DATA FOR ANALYSIS >>
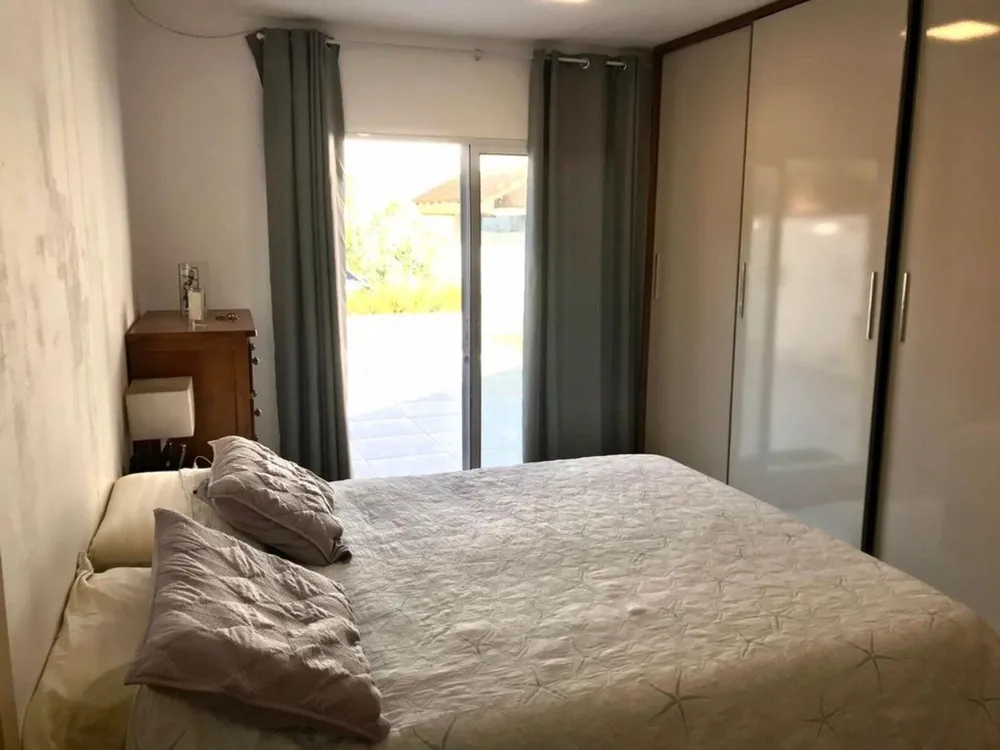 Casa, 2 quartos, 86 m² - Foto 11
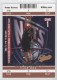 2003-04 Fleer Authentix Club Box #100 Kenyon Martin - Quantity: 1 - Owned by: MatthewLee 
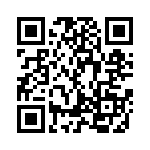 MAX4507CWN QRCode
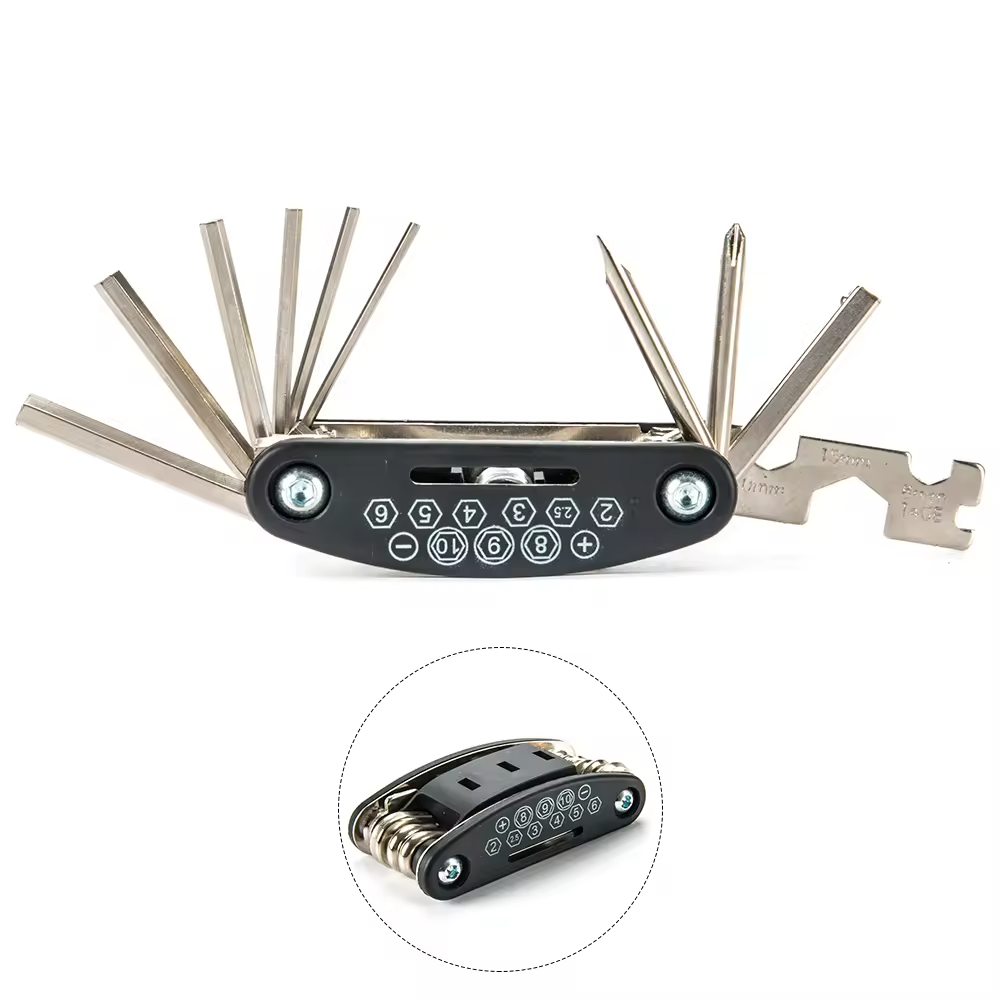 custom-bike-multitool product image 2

* * *

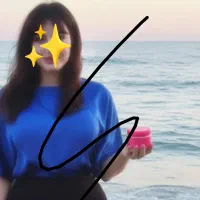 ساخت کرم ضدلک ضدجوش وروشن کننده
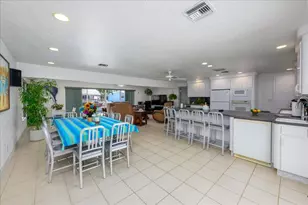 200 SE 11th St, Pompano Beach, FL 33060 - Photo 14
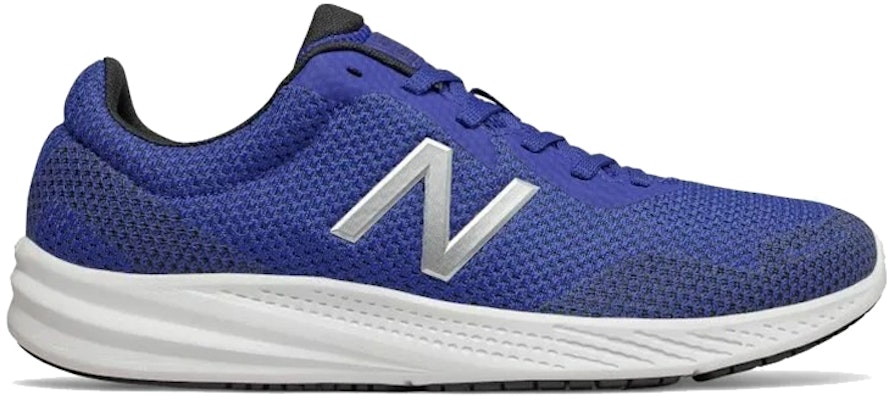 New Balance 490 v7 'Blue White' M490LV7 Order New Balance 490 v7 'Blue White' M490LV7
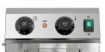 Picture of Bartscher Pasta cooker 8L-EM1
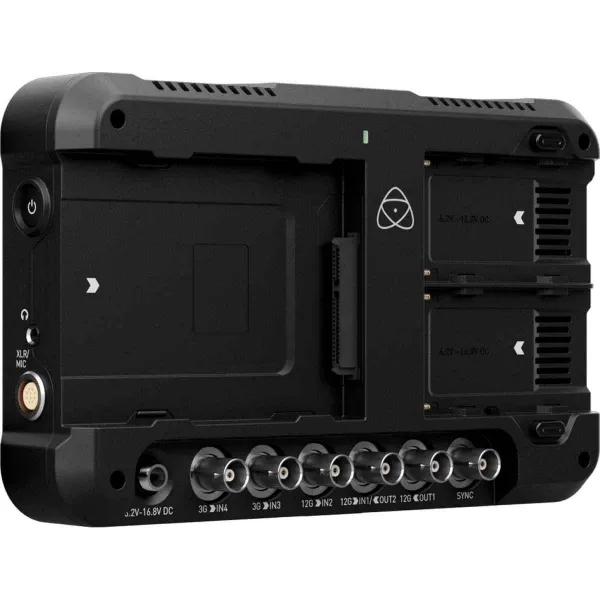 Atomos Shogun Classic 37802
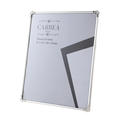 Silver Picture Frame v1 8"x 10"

* * *

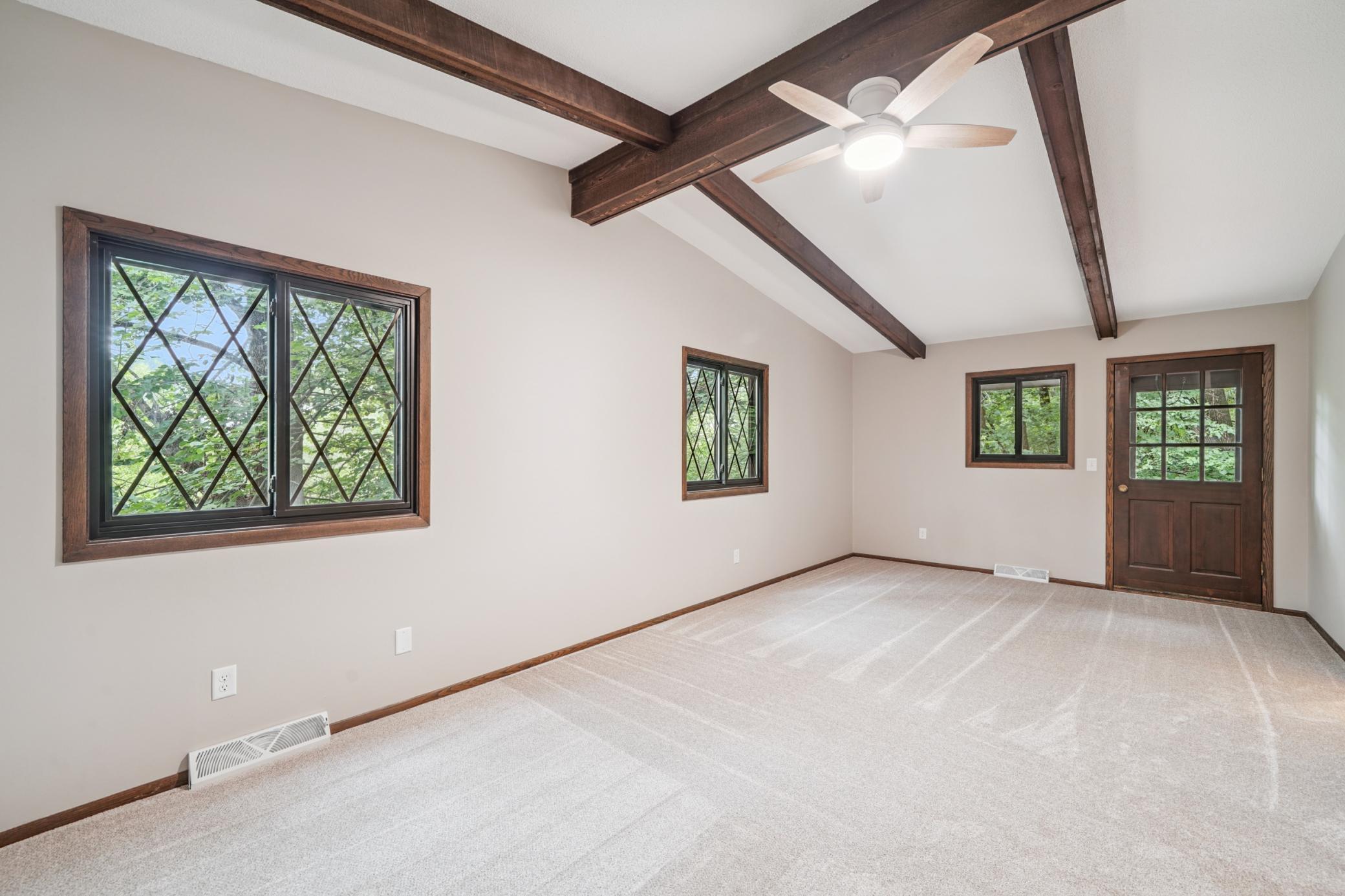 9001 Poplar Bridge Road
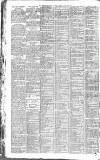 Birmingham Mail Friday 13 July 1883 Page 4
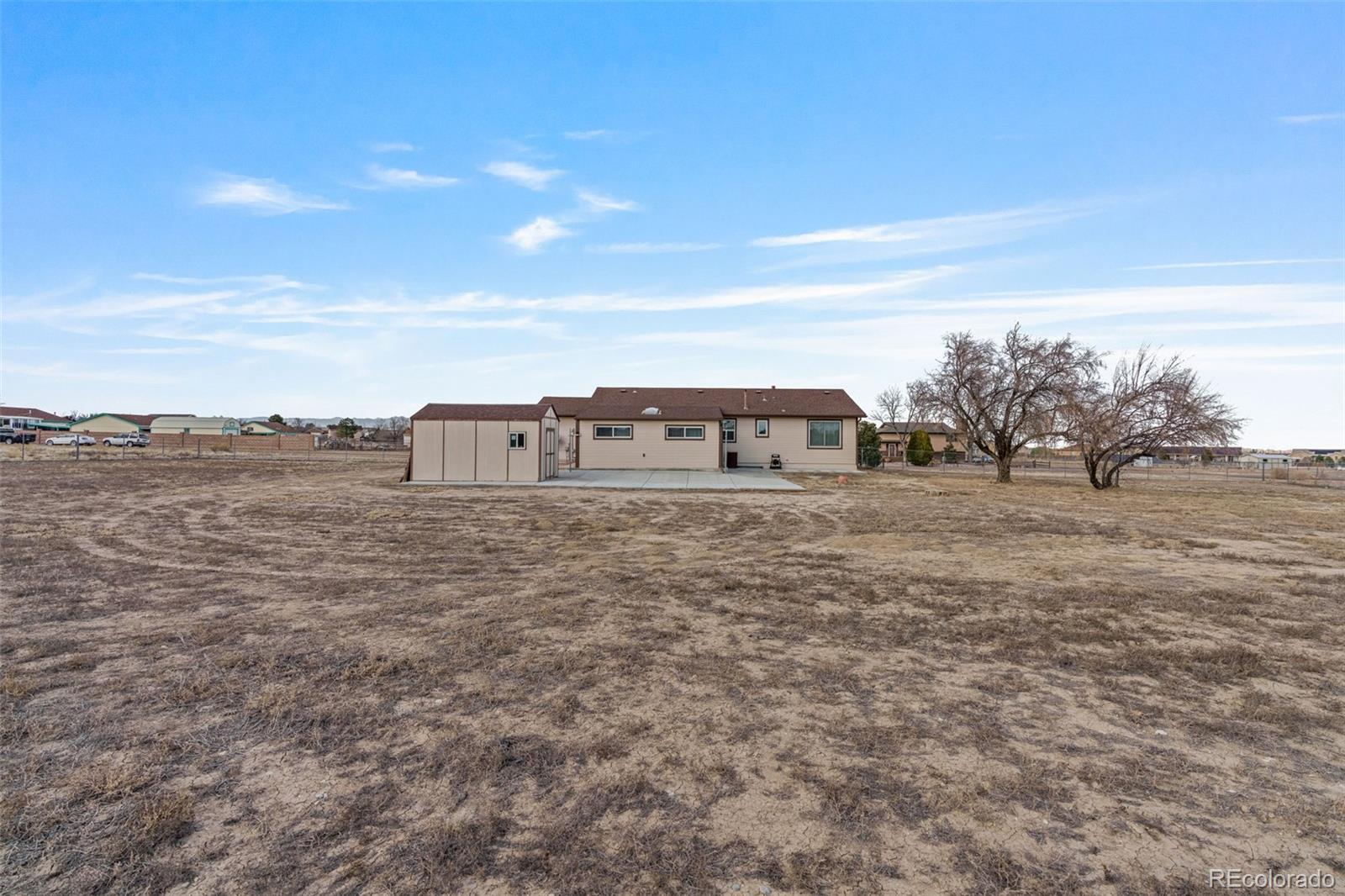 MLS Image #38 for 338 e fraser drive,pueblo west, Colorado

TASK DESCRIPTION >>
When you reach the line with "New Balance 490 v7 'Blue White' M490LV7 Order" in the records above, start writing out each line exactly, and stop after the line with "Silver Picture Frame". Pictures stay out.

RESPONSE TO THIS EXERCISE >>
 New Balance 490 v7 'Blue White' M490LV7 Order New Balance 490 v7 'Blue White' M490LV7
 Picture of Bartscher Pasta cooker 8L-EM1
 Atomos Shogun Classic 37802
 Silver Picture Frame v1 8"x 10"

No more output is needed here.